Regarding the cut-off point for dried blood spots for screening patients for AAT deficiency, we found two studies in the literature that have reported different values. One study, which evaluated 300 patients with COPD and 200 healthy individuals, observed that all patients with AAT deficiency had values below 1.8 mg/dL in dried blood spots, which was equivalent to a serum concentration of 100 mg/dL.( 19 ) After that study, two groups of authors adopted the same cut-off point as that suggested by Costa et al.( 19 ) and found that dry blood spot tests produced no false-positive or false-negative results when compared with genetic tests, showing that the value established in that study was highly accurate.( 15 , 22 ) In 2006, Gorrini et al. evaluated 114 patients and established a cut-off point of 1.13 g/L for dried blood spots, with a sensitivity and specificity of 0.92 and 0.90, respectively.( 20 ) These values are similar to those reported in the present study; however, the cut-off point stipulated in the present study was considerably higher, because we decided to adopt a sensitivity of 100%, greatly reducing the possibility of false-negative results.

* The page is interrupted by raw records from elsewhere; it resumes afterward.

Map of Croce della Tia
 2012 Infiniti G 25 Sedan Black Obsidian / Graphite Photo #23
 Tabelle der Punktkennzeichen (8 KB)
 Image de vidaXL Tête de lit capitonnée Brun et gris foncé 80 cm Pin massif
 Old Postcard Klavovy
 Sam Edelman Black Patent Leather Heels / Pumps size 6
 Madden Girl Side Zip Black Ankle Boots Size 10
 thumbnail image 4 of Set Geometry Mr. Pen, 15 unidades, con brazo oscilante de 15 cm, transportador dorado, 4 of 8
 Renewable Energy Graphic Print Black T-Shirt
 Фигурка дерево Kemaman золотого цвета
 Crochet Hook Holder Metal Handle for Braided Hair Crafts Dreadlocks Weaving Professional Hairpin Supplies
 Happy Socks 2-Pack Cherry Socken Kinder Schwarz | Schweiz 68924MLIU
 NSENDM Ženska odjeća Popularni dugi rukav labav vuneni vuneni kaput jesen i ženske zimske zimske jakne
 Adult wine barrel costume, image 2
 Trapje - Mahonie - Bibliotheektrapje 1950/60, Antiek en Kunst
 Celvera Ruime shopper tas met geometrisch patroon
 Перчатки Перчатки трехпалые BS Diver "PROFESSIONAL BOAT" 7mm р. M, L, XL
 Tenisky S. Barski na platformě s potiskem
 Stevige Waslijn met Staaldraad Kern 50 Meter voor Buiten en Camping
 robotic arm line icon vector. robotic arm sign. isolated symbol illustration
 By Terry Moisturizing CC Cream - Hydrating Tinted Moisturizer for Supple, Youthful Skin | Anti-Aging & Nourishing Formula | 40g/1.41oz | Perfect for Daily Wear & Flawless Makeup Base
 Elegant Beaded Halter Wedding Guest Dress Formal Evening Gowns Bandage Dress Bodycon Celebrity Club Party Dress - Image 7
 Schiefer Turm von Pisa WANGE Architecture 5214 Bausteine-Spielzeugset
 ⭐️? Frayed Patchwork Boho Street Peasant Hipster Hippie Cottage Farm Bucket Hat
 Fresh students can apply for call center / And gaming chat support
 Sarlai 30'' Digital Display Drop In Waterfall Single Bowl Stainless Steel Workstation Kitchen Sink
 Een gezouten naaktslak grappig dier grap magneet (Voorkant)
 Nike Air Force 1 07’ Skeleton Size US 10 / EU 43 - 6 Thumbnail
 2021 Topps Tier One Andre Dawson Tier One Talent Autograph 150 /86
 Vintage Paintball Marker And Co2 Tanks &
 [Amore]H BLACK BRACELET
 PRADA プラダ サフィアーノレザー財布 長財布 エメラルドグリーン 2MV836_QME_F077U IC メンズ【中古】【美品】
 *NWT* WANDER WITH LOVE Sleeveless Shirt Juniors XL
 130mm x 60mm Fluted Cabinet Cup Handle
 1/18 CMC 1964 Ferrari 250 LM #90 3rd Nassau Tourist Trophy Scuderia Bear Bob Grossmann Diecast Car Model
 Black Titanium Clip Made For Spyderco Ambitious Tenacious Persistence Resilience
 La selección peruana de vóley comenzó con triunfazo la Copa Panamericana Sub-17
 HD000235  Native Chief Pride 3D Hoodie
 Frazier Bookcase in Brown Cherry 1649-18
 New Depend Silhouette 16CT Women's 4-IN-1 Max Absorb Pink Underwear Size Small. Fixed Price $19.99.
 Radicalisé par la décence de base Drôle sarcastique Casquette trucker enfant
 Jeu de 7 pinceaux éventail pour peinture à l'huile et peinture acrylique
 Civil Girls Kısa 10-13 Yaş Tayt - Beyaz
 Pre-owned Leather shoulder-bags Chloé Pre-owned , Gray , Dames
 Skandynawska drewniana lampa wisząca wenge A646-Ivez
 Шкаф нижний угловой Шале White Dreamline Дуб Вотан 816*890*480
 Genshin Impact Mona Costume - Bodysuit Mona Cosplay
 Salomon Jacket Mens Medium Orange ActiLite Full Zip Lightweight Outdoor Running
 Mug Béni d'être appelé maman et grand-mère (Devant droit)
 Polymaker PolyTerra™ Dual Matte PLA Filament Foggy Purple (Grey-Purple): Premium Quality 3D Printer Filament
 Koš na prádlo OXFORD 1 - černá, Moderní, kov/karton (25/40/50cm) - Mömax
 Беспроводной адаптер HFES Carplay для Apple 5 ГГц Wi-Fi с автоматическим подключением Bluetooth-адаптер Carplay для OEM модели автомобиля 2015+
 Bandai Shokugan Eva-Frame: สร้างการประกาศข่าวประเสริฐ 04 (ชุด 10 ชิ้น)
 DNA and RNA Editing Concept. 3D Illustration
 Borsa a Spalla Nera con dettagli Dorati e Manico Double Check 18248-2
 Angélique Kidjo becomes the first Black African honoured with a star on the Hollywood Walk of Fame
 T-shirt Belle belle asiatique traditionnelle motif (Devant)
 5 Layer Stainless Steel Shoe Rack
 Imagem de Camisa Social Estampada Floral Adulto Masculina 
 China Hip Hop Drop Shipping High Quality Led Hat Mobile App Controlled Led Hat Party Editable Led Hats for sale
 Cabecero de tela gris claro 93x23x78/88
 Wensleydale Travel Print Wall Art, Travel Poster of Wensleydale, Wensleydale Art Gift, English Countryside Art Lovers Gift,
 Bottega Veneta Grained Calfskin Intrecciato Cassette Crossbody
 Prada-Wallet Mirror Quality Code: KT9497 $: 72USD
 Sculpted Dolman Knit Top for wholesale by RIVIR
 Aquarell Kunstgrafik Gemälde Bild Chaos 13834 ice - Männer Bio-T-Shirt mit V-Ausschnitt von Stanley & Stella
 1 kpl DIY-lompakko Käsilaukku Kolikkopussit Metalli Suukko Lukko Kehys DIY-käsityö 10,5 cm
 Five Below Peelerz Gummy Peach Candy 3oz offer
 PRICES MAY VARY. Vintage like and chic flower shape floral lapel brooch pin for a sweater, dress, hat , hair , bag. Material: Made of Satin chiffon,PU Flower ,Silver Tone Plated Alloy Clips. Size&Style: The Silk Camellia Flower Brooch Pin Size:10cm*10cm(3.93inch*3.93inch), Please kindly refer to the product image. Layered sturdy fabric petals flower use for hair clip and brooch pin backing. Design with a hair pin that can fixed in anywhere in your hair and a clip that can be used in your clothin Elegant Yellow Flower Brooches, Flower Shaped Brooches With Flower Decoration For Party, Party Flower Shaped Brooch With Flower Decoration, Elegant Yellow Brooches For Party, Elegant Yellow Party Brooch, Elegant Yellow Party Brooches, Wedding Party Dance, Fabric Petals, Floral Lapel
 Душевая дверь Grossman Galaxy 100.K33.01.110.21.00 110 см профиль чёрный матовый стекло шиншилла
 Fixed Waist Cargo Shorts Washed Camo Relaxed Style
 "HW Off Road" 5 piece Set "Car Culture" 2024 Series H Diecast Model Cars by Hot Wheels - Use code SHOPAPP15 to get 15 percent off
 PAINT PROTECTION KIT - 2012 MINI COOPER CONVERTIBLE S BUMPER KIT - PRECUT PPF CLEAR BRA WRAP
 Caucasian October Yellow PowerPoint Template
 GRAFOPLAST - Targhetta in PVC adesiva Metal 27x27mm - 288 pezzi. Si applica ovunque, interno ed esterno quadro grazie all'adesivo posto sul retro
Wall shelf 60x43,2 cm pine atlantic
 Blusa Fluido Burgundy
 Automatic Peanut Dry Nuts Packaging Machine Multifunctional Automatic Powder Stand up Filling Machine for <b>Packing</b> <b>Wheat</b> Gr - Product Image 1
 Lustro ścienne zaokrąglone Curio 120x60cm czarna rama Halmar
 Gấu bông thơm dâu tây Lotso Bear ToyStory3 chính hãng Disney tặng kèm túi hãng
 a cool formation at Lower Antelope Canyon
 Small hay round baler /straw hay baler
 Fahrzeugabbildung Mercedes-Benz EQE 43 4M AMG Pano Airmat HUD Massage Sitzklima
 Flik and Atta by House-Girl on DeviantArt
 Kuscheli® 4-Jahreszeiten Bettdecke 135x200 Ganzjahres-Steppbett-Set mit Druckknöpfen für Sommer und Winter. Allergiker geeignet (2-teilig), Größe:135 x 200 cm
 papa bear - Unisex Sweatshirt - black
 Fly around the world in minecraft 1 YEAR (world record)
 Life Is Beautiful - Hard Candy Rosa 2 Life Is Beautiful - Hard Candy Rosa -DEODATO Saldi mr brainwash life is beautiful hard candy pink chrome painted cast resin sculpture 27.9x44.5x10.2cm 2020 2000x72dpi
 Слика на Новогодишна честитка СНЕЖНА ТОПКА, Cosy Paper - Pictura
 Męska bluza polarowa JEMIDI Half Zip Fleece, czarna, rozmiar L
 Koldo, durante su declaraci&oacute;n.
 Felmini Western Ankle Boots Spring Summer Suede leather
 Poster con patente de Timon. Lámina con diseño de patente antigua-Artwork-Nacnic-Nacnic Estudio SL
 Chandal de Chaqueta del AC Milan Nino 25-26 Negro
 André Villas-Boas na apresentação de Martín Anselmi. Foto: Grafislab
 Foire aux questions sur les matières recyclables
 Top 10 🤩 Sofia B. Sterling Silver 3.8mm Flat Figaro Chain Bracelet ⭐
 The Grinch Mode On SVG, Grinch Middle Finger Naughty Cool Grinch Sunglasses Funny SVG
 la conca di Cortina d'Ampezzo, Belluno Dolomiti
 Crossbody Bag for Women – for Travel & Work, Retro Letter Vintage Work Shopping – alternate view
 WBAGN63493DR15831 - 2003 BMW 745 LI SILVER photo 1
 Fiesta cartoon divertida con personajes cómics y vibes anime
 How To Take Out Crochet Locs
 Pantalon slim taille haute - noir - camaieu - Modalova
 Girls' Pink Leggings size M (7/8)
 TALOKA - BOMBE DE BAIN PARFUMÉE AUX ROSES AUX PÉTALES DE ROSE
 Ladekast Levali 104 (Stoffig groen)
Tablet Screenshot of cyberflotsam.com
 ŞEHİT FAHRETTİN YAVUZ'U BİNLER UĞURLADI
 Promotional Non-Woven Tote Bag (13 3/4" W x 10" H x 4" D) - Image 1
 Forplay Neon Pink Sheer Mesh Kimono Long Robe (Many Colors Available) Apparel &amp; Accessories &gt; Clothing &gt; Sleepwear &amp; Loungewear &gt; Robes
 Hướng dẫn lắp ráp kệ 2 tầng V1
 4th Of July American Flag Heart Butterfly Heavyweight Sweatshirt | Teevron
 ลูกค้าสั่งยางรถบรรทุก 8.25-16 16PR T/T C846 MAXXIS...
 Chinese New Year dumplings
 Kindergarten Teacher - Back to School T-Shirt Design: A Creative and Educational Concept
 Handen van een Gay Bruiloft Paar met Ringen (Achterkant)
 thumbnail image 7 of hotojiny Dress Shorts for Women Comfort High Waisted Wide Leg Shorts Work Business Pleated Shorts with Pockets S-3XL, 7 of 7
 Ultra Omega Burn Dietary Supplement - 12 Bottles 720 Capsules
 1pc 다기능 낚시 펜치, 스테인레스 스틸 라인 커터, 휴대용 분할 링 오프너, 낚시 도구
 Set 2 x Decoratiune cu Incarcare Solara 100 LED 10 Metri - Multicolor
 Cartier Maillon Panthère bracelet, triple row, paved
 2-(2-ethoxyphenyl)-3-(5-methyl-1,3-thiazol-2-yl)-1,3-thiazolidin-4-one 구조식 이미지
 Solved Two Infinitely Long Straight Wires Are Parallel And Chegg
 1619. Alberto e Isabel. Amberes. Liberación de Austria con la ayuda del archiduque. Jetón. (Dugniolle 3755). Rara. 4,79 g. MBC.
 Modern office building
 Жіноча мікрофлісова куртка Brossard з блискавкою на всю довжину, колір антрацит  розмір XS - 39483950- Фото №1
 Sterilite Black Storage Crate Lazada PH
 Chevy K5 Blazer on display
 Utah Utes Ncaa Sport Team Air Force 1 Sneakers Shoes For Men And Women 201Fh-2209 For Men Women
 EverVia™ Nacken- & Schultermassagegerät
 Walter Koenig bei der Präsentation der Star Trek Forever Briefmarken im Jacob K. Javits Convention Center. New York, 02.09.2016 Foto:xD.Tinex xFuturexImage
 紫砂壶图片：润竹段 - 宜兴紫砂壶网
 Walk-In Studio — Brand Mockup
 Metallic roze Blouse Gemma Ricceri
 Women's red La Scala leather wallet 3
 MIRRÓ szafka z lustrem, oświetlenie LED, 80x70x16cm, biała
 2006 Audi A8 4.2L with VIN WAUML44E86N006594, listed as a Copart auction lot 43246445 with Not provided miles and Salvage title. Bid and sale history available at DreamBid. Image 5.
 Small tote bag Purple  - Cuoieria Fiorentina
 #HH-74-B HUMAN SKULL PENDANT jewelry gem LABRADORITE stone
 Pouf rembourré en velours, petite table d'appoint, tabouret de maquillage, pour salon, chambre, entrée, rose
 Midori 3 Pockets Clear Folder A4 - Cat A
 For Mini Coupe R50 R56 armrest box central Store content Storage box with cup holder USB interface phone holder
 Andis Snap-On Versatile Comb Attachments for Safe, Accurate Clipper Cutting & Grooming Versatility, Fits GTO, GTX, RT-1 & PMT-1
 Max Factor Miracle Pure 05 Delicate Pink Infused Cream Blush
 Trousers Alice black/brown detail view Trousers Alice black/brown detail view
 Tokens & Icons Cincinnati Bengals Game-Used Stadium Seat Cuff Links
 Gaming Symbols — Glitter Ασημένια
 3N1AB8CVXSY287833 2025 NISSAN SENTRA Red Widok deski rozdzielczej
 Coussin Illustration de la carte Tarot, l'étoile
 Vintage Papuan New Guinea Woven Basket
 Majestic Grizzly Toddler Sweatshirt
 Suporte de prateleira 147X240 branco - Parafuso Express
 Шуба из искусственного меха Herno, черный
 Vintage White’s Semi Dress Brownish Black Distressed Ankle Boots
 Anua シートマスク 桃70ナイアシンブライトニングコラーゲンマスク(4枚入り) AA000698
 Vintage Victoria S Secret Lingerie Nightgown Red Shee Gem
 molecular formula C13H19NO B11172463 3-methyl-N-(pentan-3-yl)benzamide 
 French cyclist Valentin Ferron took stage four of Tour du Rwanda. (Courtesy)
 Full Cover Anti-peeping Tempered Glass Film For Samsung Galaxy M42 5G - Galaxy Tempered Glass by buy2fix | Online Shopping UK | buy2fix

The immunonephelometric assay for the determination of AAT levels in dried blood spots that was developed in the present study showed a moderate correlation (r = 0.54) between the duplicate measurements of the same sample. However, some samples were turbid in one of the duplicate measurements, a factor that reduces light reflection at the time of analysis and consequently reduces AAT levels, which could have directly affected the correlation of the duplicate dried blood spots. A sub-analysis only of the duplicate measurements of samples that were not turbid revealed a good correlation (r = 0.84). This sub-analysis did not include any patients with AAT deficiency, which means that this finding may not be representative for the population of individuals with AAT deficiency. There are no published studies in the literature that have addressed the reproducibility between serum samples and dried blood spots or the effect of sample turbidity, but this finding suggests that samples that are turbid should be interpreted with caution.
We conclude that the use of dried blood spots is an excellent option for screening patients for AAT deficiency, because this method had high sensitivity and specificity, as well as a low PPV and NPV. However, the values obtained by this method cannot be quantitatively compared with serum AAT values. We believe that it is mandatory to choose the maximum value in the confidence interval in order to minimize false-negative diagnoses. Therefore, the dried blood spot method is an attractive solution to the current state of underdiagnosis of AAT deficiency in Brazil, because it enables rapid, efficient, and minimally invasive screening in the diagnosis of this deficiency at a low cost. Further studies investigating the prevalence of AAT deficiency are needed in order to implement specific programs for the treatment and management of this condition.